What you have to do:
Print the listing exactly as it stands. Skip every picture.

Dataset excerpt:
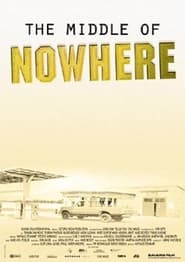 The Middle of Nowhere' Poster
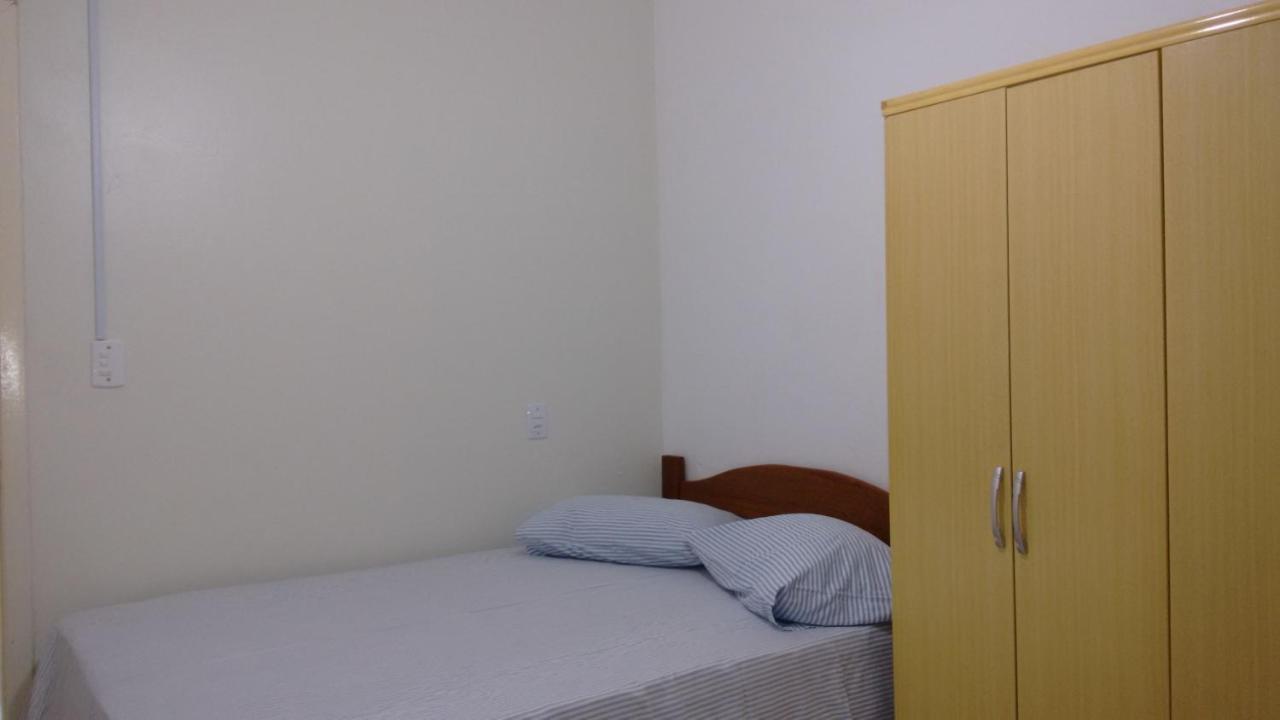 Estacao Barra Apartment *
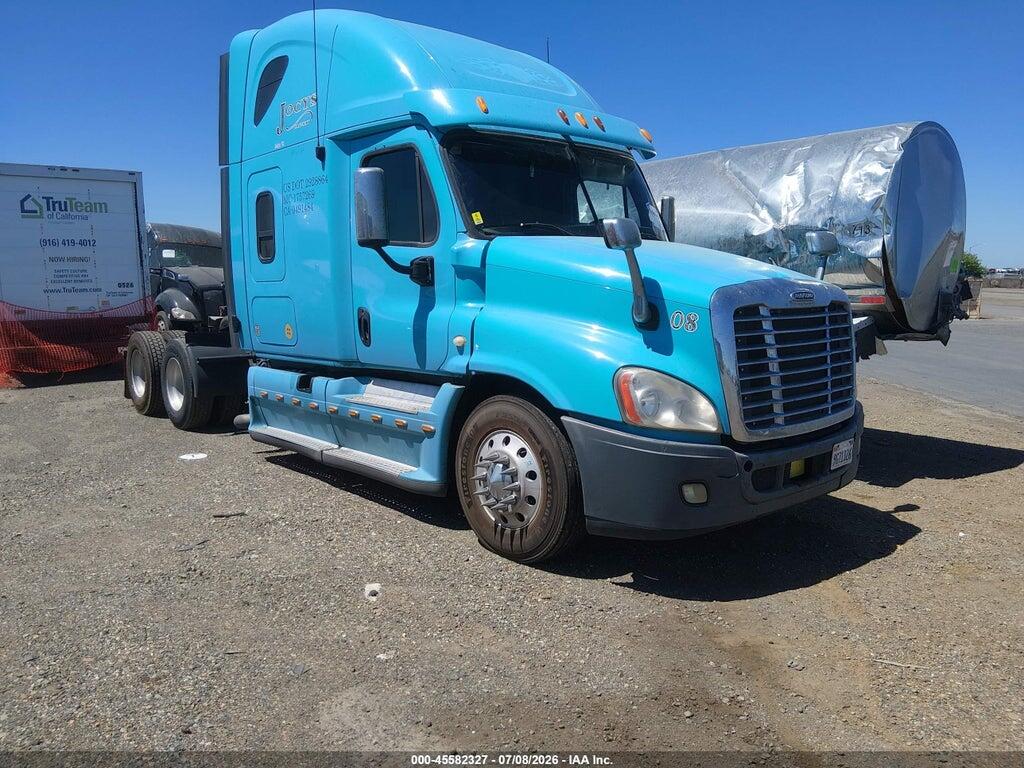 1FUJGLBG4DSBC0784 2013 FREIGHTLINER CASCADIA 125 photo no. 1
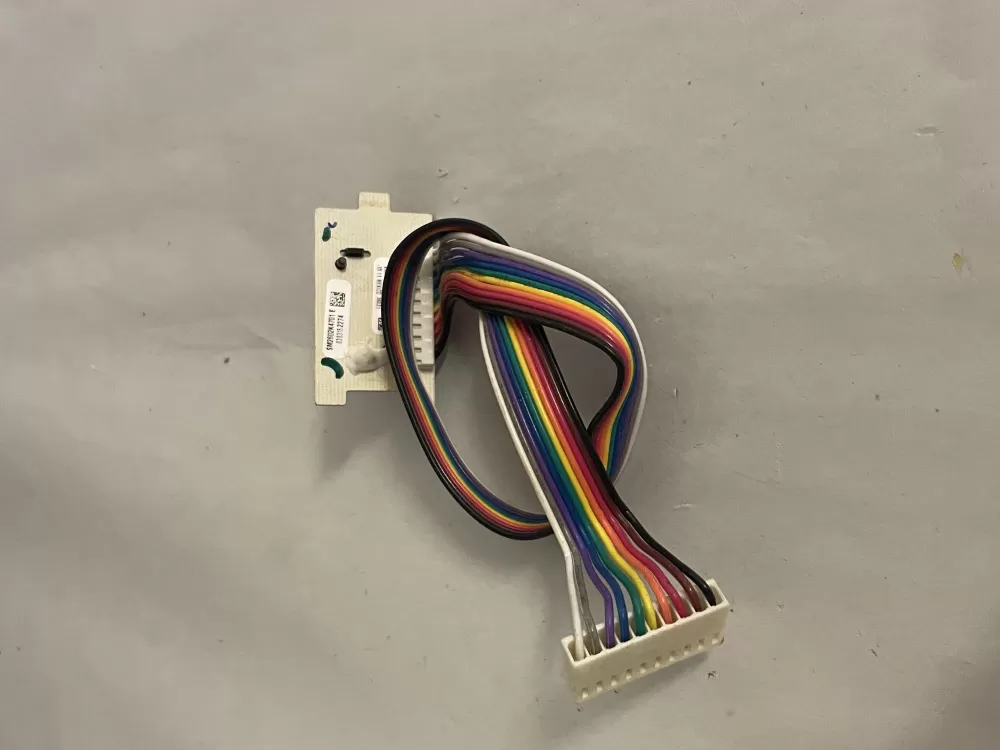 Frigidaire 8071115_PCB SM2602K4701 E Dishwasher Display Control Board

Response to the exercise:
 The Middle of Nowhere' Poster
 Estacao Barra Apartment *
 1FUJGLBG4DSBC0784 2013 FREIGHTLINER CASCADIA 125 photo no. 1
 Frigidaire 8071115_PCB SM2602K4701 E Dishwasher Display Control Board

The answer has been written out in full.